[Dataset items]
════════
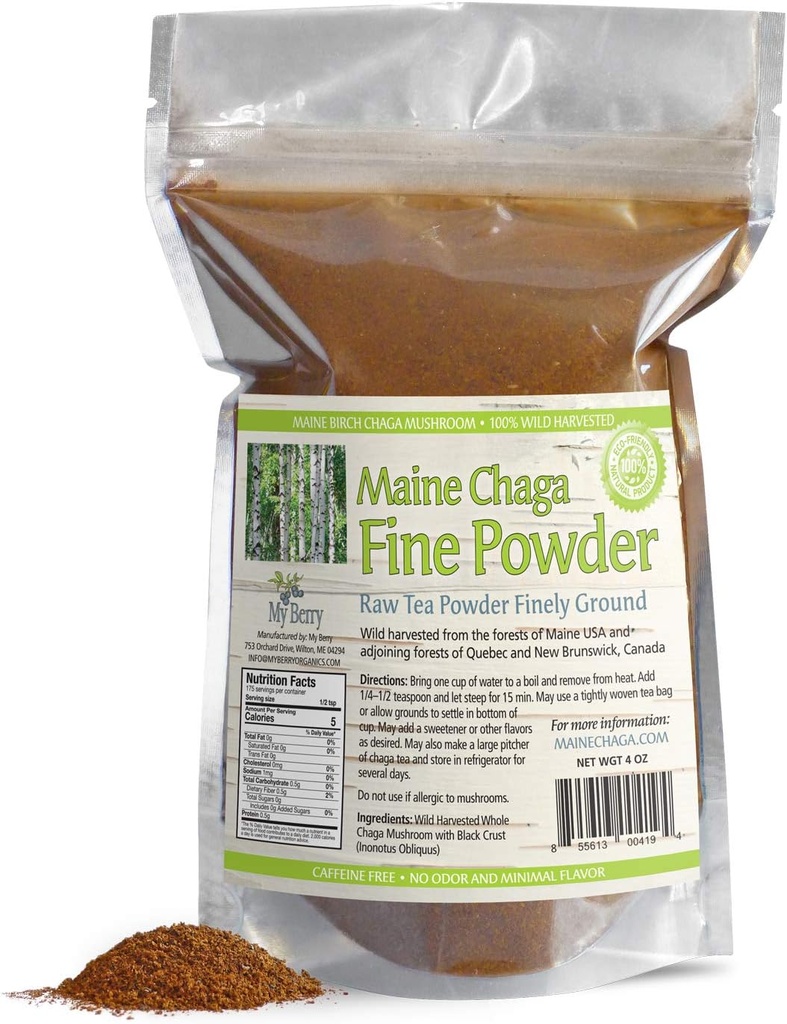 Maine Chaga Tea Fine Mushroom Powder |100% Wild-Harvested in Maine & Atlantic Canada | Not an Extract but Whole Raw Powder | 4oz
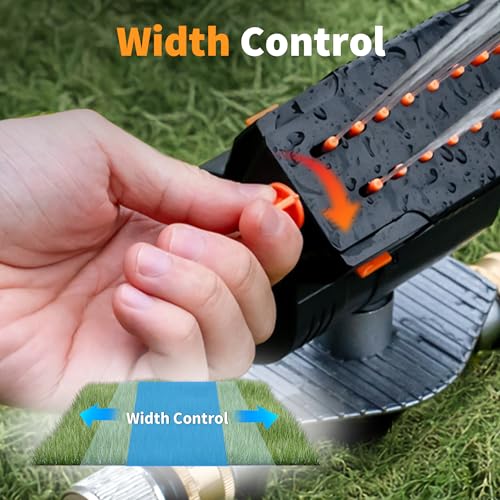 Diivoo Garden Sprinkler with Step Spike Base, Mini Turbo Oscillating Water Sprinklers for Yard, Adjustable Width, Range and Flow Rate, 16 Nozzles, Grey - color: Orange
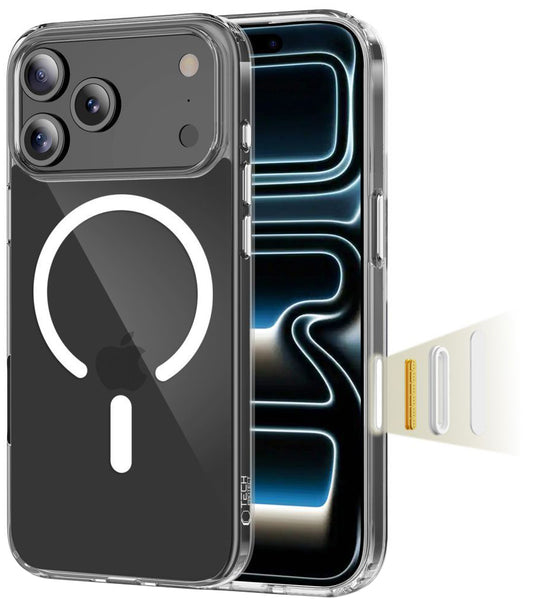 MagSafe tok Apple iPhone 17 Pro-hoz, Tech-Protect, Flexair Hybrid CC, Átlátszó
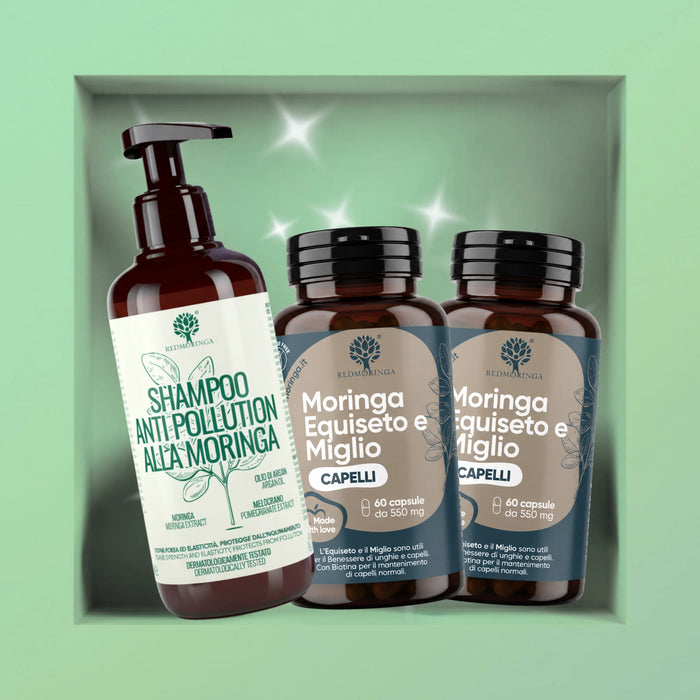 Programma Capelli Forti e Puliti RedMoringa: Shampoo Anti Pollution alla Moringa e due flaconi di Moringa Equiseto e Miglio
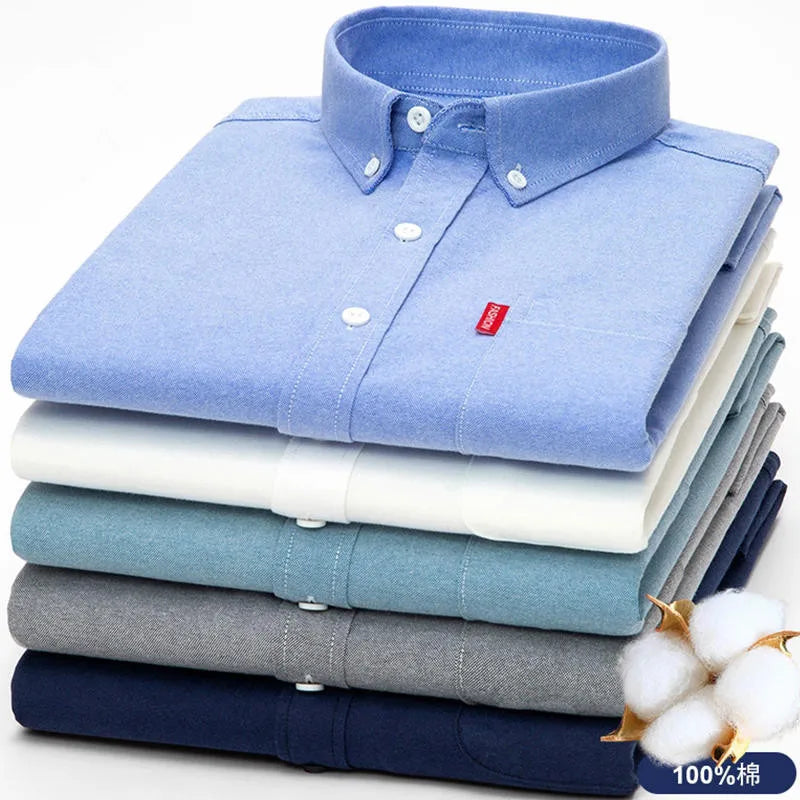 Men's Oxford Long Sleeve Shirts 100% Cotton Solid Color Turn Down Collar Regular Fit Daily Men Clothing Button-down Shirts 5XL
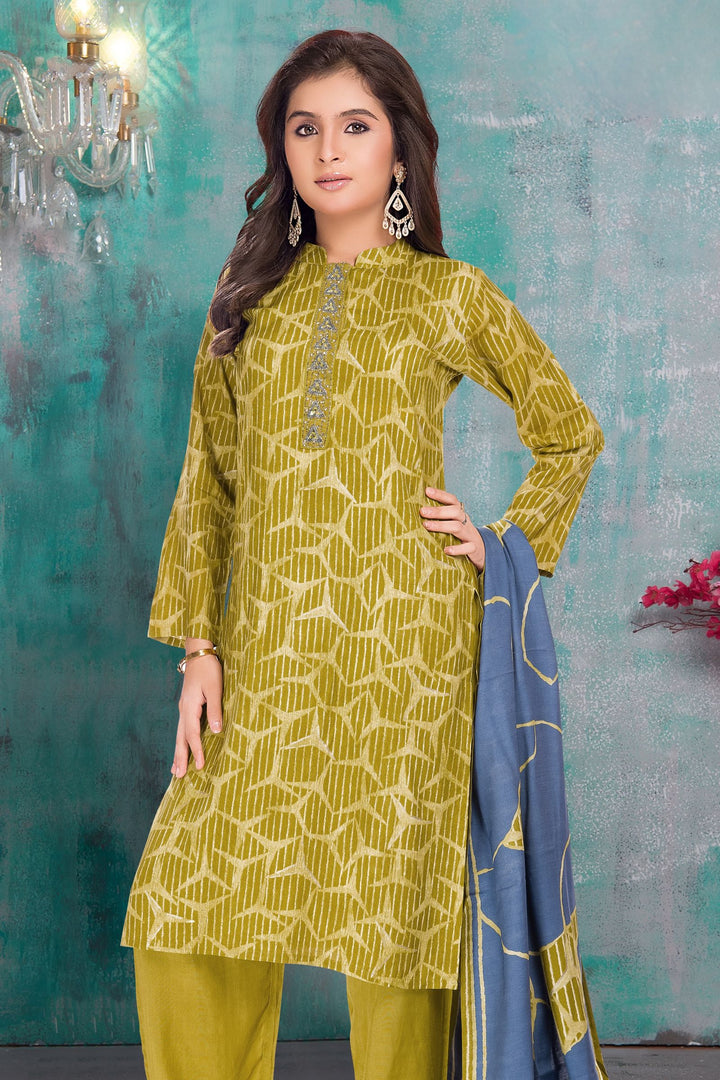 Green Mirror and Beads work with Printed Straight Cut Salwar Suit for Girls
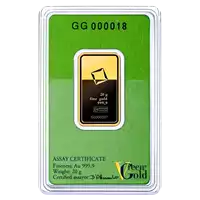 Złota sztabka 20 gramów Valcambi Green Gold rewers
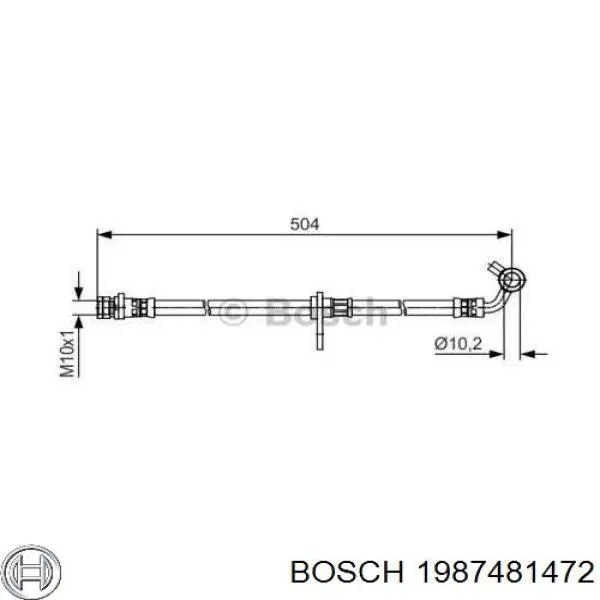 Купить 1987481472 Bosch Задний тормозной шланг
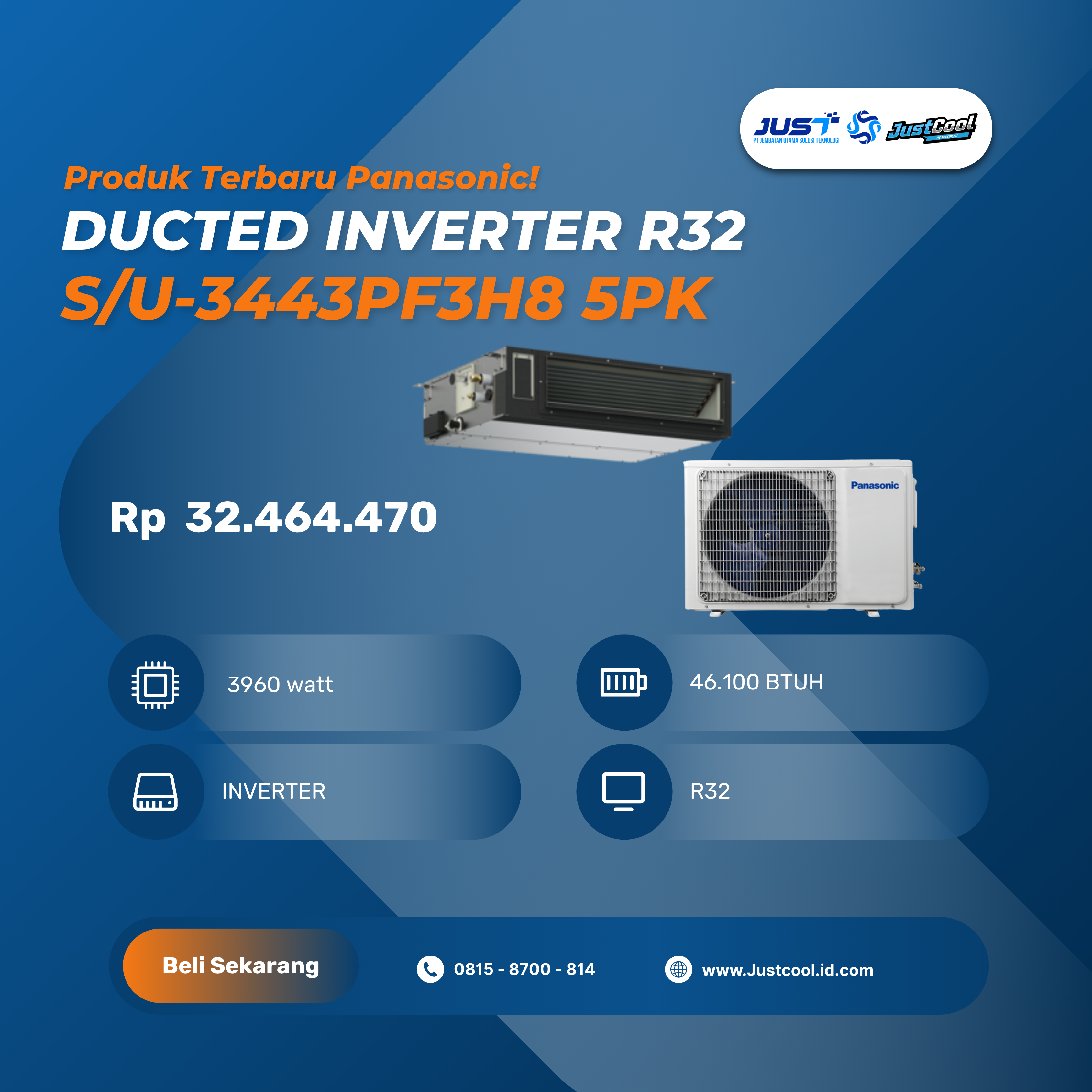 Panasonic Ducted Inverter R32 H8 5PK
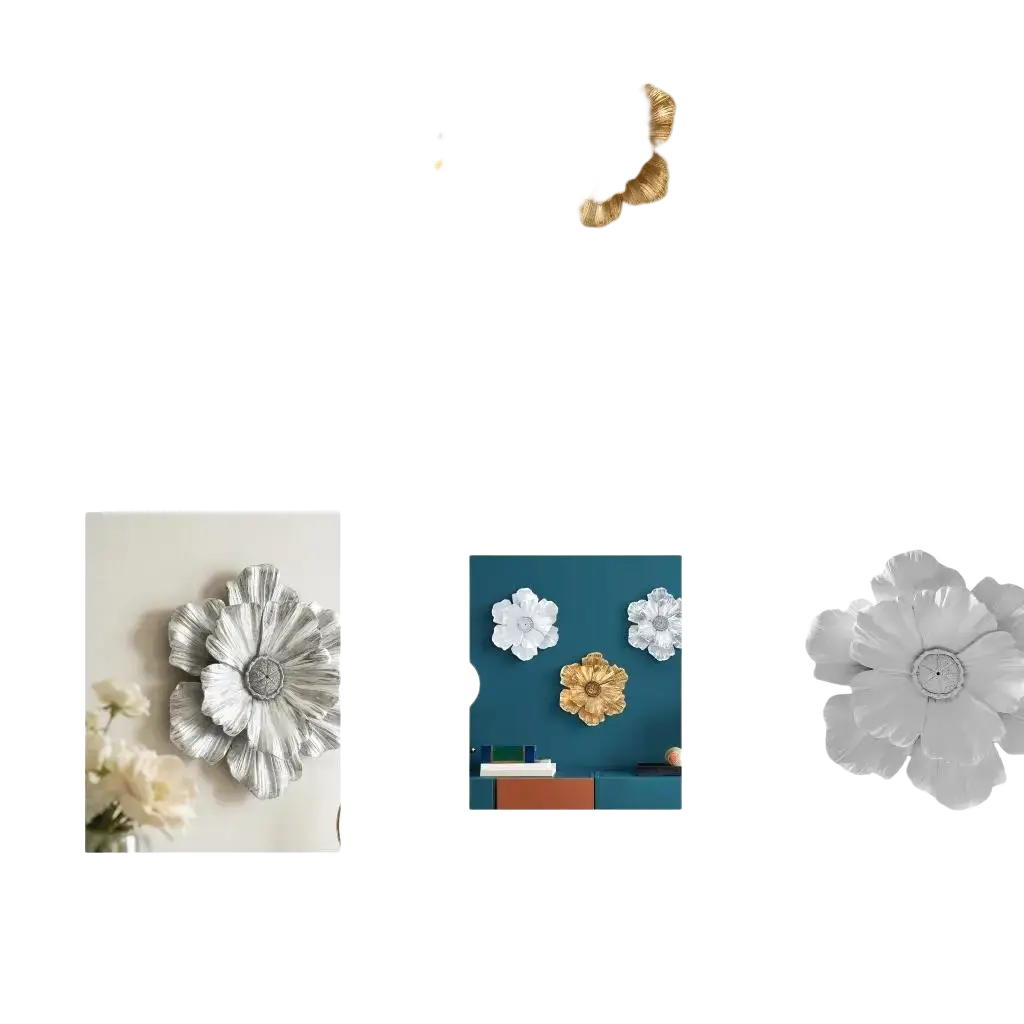 Metallic gold and white 3d resin floral accent relief sculpture flower wall decor with layered petal design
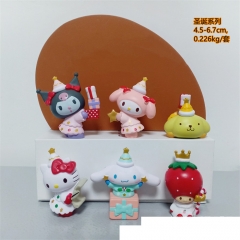 6PCS/SET 4-6CM Cinnamoroll Kuromi Christmas Style Cartoon Anime PVC Figure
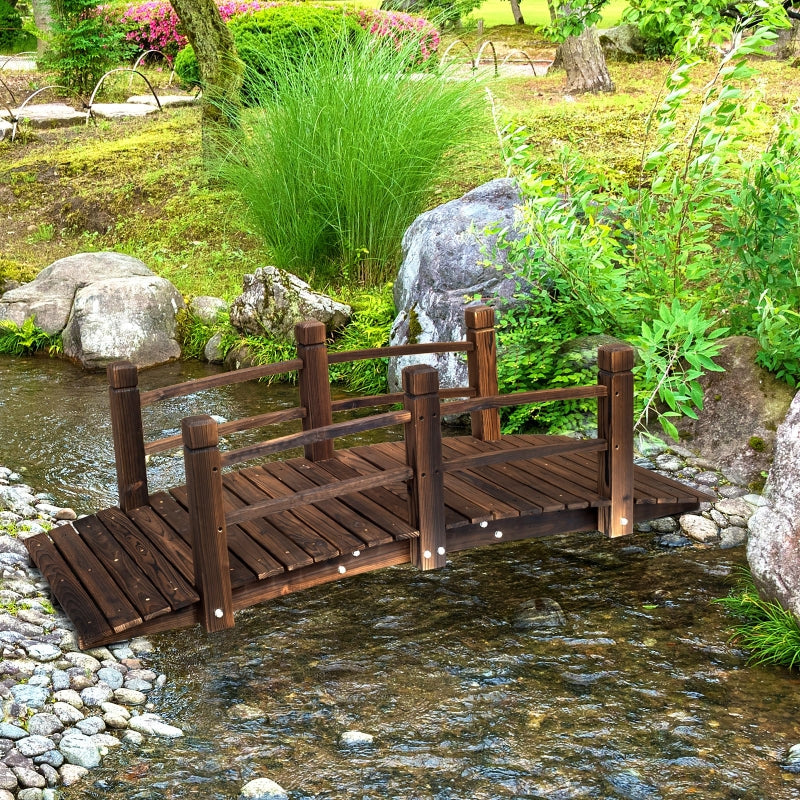 1.5M Wooden Garden Bridge Lawn Décor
════════
Output the records above in their entirety and exactly, leaving out all images.

 Maine Chaga Tea Fine Mushroom Powder |100% Wild-Harvested in Maine & Atlantic Canada | Not an Extract but Whole Raw Powder | 4oz
 Diivoo Garden Sprinkler with Step Spike Base, Mini Turbo Oscillating Water Sprinklers for Yard, Adjustable Width, Range and Flow Rate, 16 Nozzles, Grey - color: Orange
 MagSafe tok Apple iPhone 17 Pro-hoz, Tech-Protect, Flexair Hybrid CC, Átlátszó
 Programma Capelli Forti e Puliti RedMoringa: Shampoo Anti Pollution alla Moringa e due flaconi di Moringa Equiseto e Miglio
 Men's Oxford Long Sleeve Shirts 100% Cotton Solid Color Turn Down Collar Regular Fit Daily Men Clothing Button-down Shirts 5XL
 Green Mirror and Beads work with Printed Straight Cut Salwar Suit for Girls
 Złota sztabka 20 gramów Valcambi Green Gold rewers
 Купить 1987481472 Bosch Задний тормозной шланг
 Panasonic Ducted Inverter R32 H8 5PK
 Metallic gold and white 3d resin floral accent relief sculpture flower wall decor with layered petal design
 6PCS/SET 4-6CM Cinnamoroll Kuromi Christmas Style Cartoon Anime PVC Figure
 1.5M Wooden Garden Bridge Lawn Décor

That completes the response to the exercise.